== Task directions ==
Your task is to reproduce exactly the lines from the one containing "2.0 520d MHT" through the last line below, both ends included, and nothing else, with no pictures.

== Collected material ==
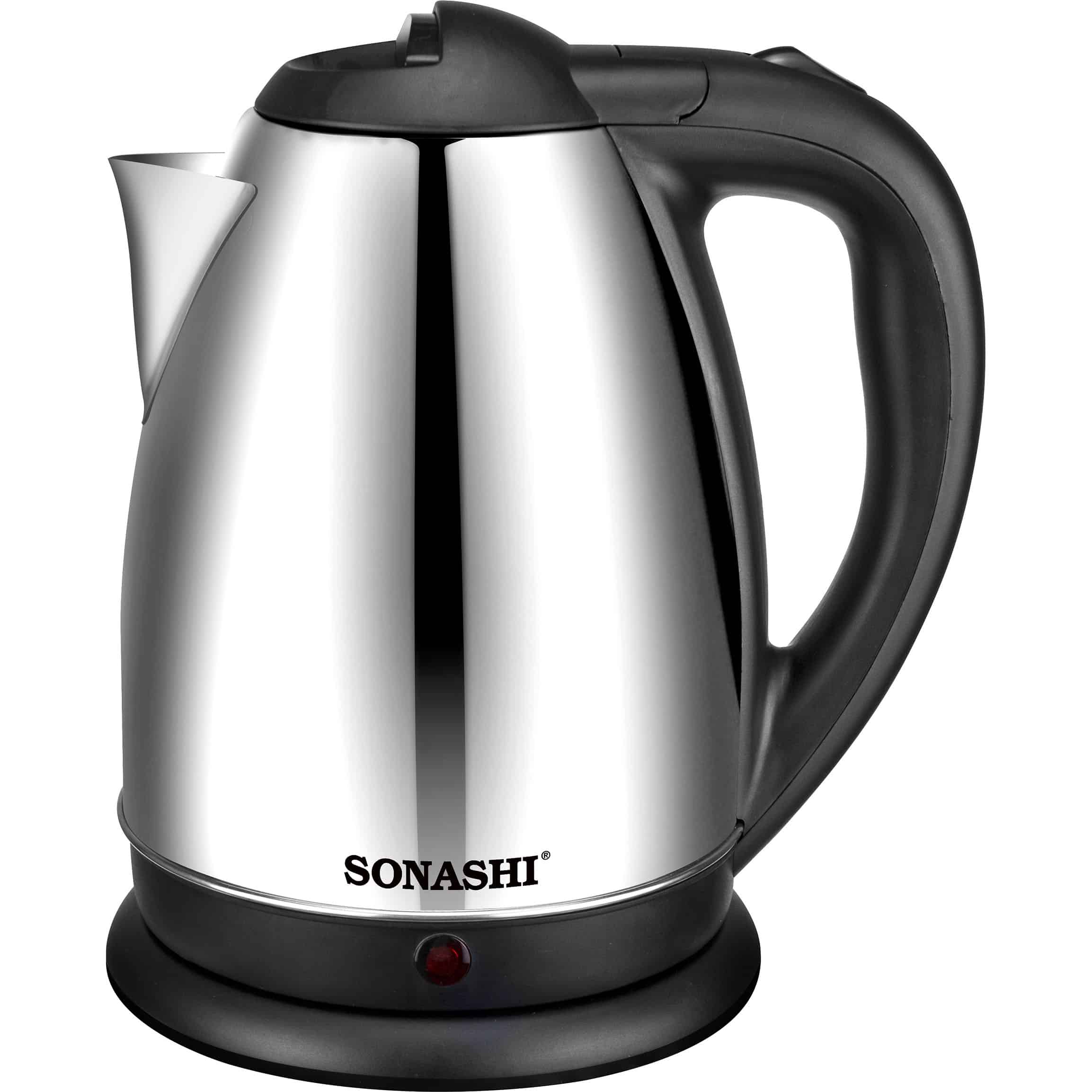 Sonashi 1.8 Litres Stainless Steel Cordless Kettle SKT-1804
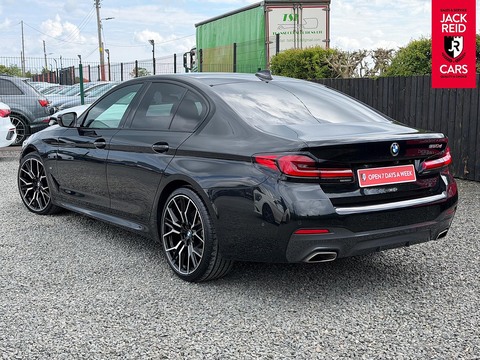 2.0 520d MHT M Sport Saloon 4dr Diesel Hybrid Steptronic Euro 6 (s/s) (190 ps)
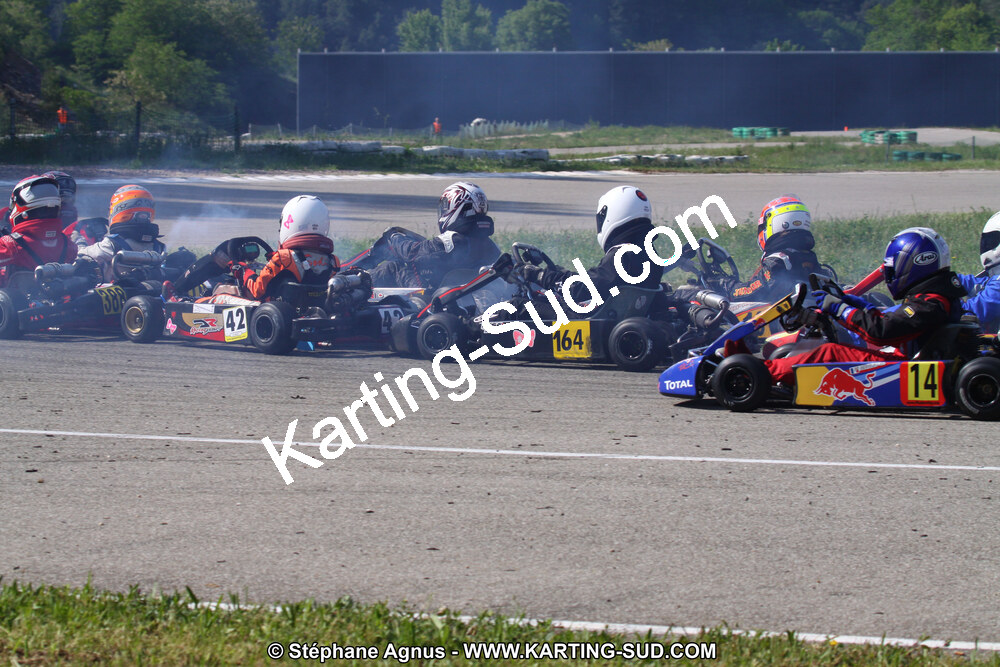 01/05/2011 : 3ème manche du Championnat du Sud à Alès (Photos Stéphane Agnus) 2011 — karting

== Exercise solution ==
 2.0 520d MHT M Sport Saloon 4dr Diesel Hybrid Steptronic Euro 6 (s/s) (190 ps)
 01/05/2011 : 3ème manche du Championnat du Sud à Alès (Photos Stéphane Agnus) 2011 — karting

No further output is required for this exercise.